Should Elanga start more often? – The Conventional Playmaker

Anthony Elanga is continuing to make quite the impression. Elanga was the right substitute at the right time as Manchester United were in search of a goal to relinquish the one-goal deficit against Atletico Madrid in the Champions League second round. Latching onto Bruno Fernandes’ pass and converting past the out of form goalkeeper Jan Oblak, Elanga saved United from a potentially dire situation going into the second leg.

Pre-match discussion suggested this was a game for the taking from a United perspective. United have room to improve under Ralf Rangnick, but have only lost once and still boast attacking talent. Meanwhile, Atletico sit 5th in La Liga, and have already conceded 34 league goals, more than the entirety of last season’s title winning campaign.

Yet the encounter oversaw much of what we have come to expect of sides led by manager Diego Simeone. Which ever side that is more telling of is up for debate.

Atletico sacrificed possession to United, but in doing so were organised, compact, limiting the space United had to progress the ball through the lines and closing down high up the pitch. Although now setting up in a 3-5-2 rather than the synonymous 4-4-2, many of the principles remained.

United started their accustom 4-2-3-1, but interestingly with Victor Lindelof starting at right-back, even though primary choices Diogo Dalot and Aaron Wan-Bissaka were both available. Fred started in a pivot role amidst good form in recent games, but was a trigger for Ateltico’s press whenever he received the ball from the defence. Fred had little space to turn when marked, and Atletico did well to cut out passing lanes to United’s two wingers.

Atletico’s best player was arguably left wing-back Lodi, who not only pushed up high to press when the ball was on United’s right side, but also was the outlet which Atletico looked to find time and time again when they had the ball, with his cross assisting Joao Felix header to give Atletico the lead.

When United did have the ball they struggled to impose themselves aside from Atletico pressing, and that was because of a lack of penetrating movement in attack. Fernandes, playing as an 8, for example, would often drop deeper to receive the ball and bring it forward, but United often lacked runners – diagonal and/or in behind, ahead of the man on the ball.

And because of the how narrow a 3-5-2 shape can be, there was the idea that United could make use of spaces down the flanks, but Atletico would overload the flank United were attacking down, and shut down both these and even counter-attacks quickly. United struggled to attack down the flanks, and did not make enough use of the centre against Ateltico’s midfield – who were solid.

But as the second-half progressed, many of the issues United faced when in possession were not going to be sorted without making a change. United only took 7 shots come full time, suggesting their overall struggle to create chances.
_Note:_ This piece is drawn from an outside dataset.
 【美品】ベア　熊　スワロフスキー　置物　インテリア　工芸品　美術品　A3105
Elanga was United’s third change, and was brought on for Marcus Rashford after 75 minutes.

5 minutes later, Elanga scored. The goal showed off his mobility in attacking moves, Atletico’s defensive issues perhaps hidden for the majority of the game, and the importance of occupying defenders. Joao Felix has a way of dropping off and losing a marker. But Elanga exploited the home sides loss of structure without the ball with a run directly through the centre of the pitch – where United failed to make more use of when attacking previously.
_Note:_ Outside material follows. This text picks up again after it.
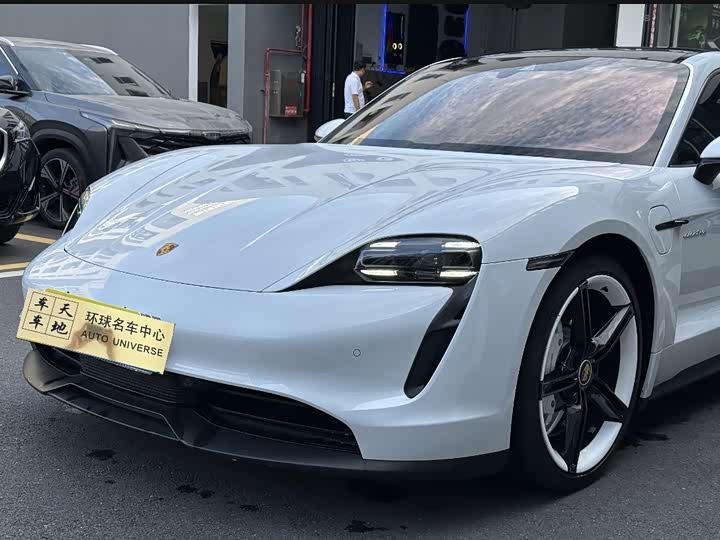 Фото 4 - Porsche Taycan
With United in possession on the left, Elanga was stationed centrally. He had not only space around him, but space to run ahead and receive, if the ball can be switched from left to centre in time whilst Atletico overloaded the flank.

A header brought the ball down to ground, where Fred then passed to Fernandes.
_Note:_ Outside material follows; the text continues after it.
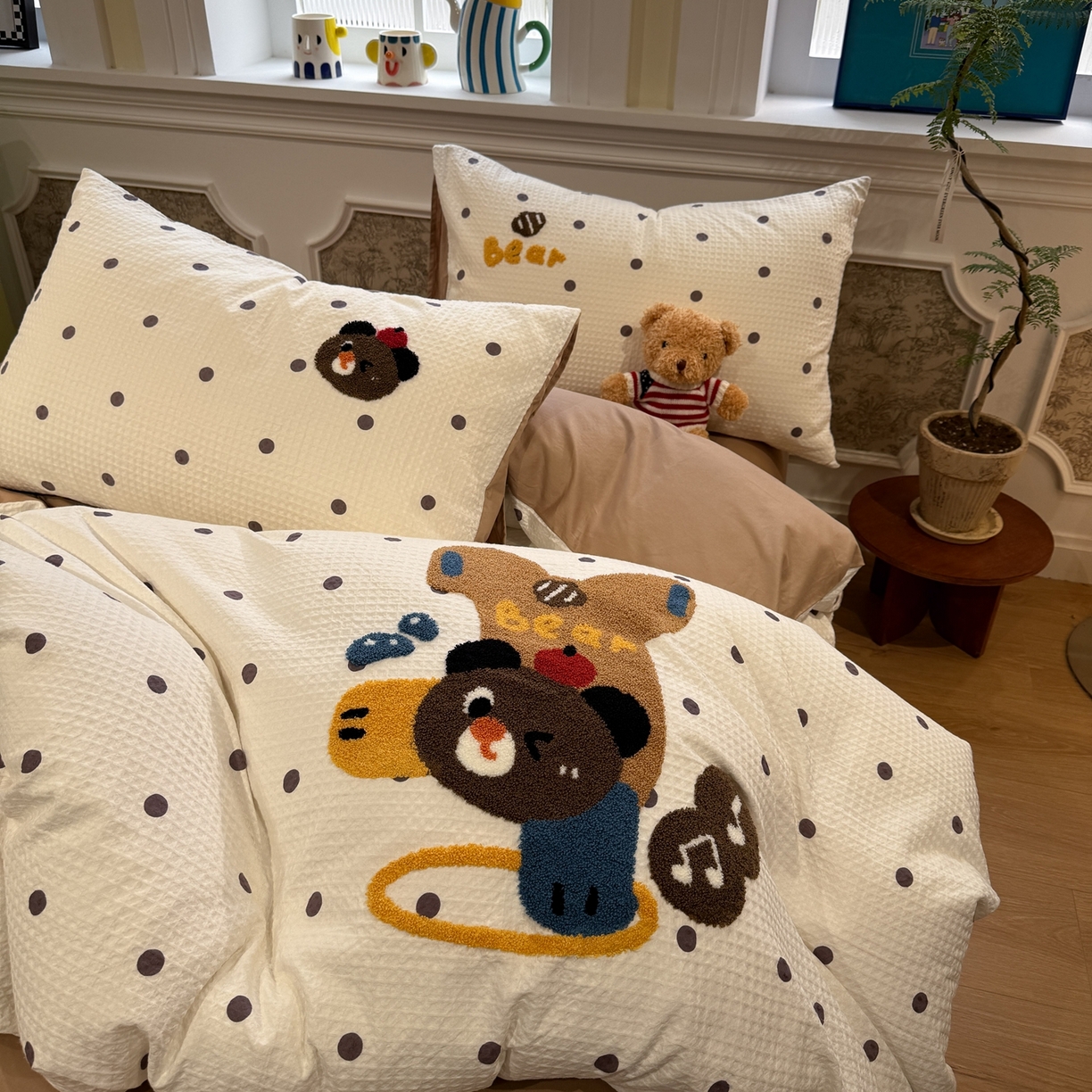 91家纺网 家纺一手货源 找家纺 珺柔家纺 2026新款卡通华夫格毛巾绣四件套 倒立小熊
Fernandes then turned and carried forward, with Elanga immediately bursting into space, all whist Atletico struggled to regroup against this quick transition. Much of Atletico’s back five were higher up the pitch than they should have been to defend against a run like that being made.

The midfielder then threaded a ball through to Elanga, making sure Elanga’ speed made use of the space made available to him by Atletico’s arguably poor structure. Elanga ran onto the ball, and was at an angle that meant when inside the box he was able to open up and shoot and duly convert.

Elanga’s mobility up front may seem straight forward and not worth breaking down, but at the moment, it’s refreshing given the profiles of United’s attackers; Rashford and Jadon Sancho both like to receive the ball to feet, rather than running onto it, whilst Cristiano Ronaldo and Edinson Cavani (although providing invaluable movement) both lack their speed of prior years.

In which case, it wouldn’t be unreasonable to want Elanga to start the second-leg, and even more league games after scoring against Leeds United before Wednesday night. He could occupy a role on either flank, or even play as the no.9, so it wouldn’t be too much of a challenge fitting Elanga in.